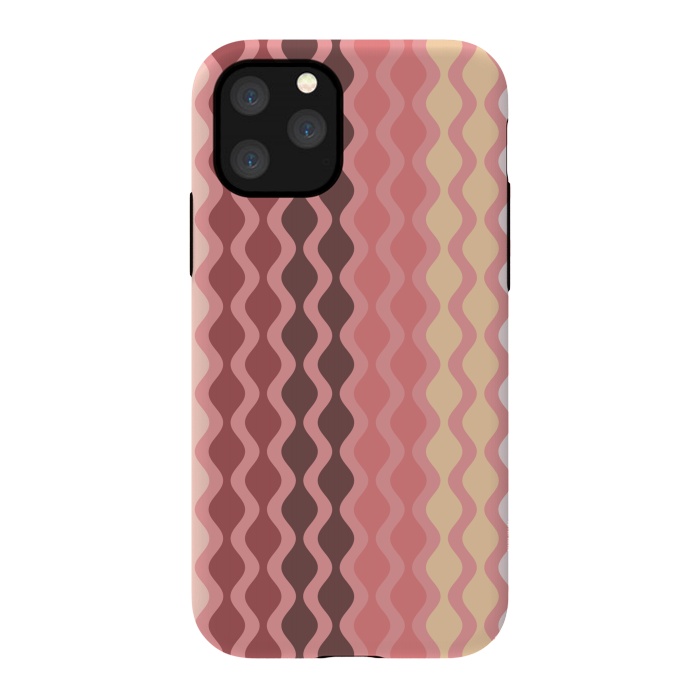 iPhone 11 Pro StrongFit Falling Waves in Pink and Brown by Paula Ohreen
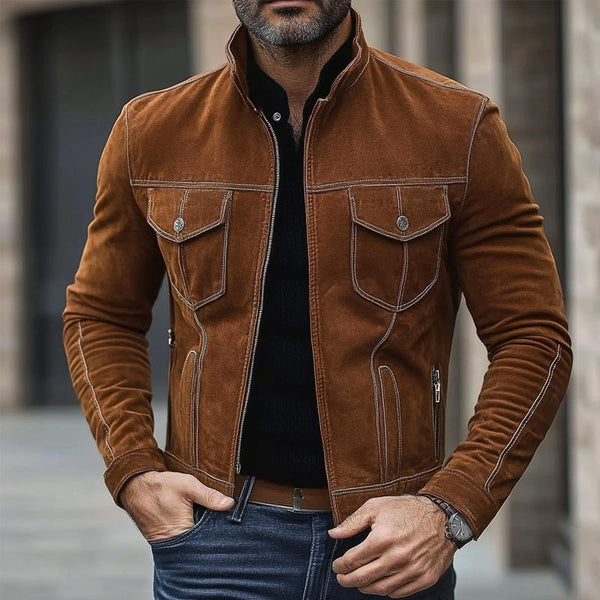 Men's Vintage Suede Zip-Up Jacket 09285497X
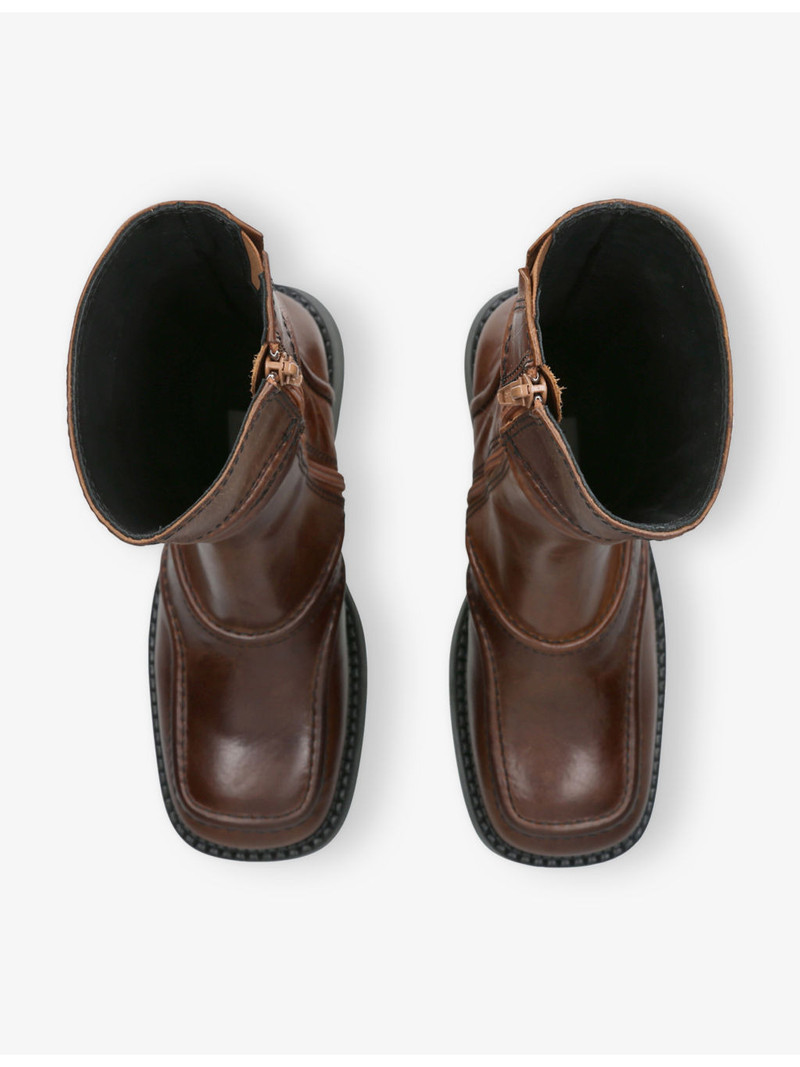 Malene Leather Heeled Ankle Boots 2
* * *
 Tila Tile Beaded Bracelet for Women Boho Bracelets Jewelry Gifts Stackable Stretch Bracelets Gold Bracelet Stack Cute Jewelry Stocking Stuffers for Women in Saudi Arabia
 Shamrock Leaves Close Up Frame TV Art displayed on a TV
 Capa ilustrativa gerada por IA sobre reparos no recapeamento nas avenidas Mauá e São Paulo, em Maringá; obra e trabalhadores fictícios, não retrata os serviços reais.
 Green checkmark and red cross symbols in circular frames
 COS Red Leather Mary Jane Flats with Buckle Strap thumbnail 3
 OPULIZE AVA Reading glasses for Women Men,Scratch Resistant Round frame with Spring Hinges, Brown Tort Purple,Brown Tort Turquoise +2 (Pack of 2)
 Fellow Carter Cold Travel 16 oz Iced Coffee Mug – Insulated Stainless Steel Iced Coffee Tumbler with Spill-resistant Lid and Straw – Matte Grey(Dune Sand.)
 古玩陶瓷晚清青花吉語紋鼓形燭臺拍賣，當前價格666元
--
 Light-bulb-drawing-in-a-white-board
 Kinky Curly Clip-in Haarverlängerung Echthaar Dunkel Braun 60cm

--- WORK INSTRUCTIONS ---
For this exercise, please output exactly the lines above starting at the line with "Fellow Carter Cold" and ending at the line with "古玩陶瓷晚清青花吉語紋鼓形燭臺拍賣，當前價格666元", ends included.

--- WRITTEN SOLUTION ---
 Fellow Carter Cold Travel 16 oz Iced Coffee Mug – Insulated Stainless Steel Iced Coffee Tumbler with Spill-resistant Lid and Straw – Matte Grey(Dune Sand.)
 古玩陶瓷晚清青花吉語紋鼓形燭臺拍賣，當前價格666元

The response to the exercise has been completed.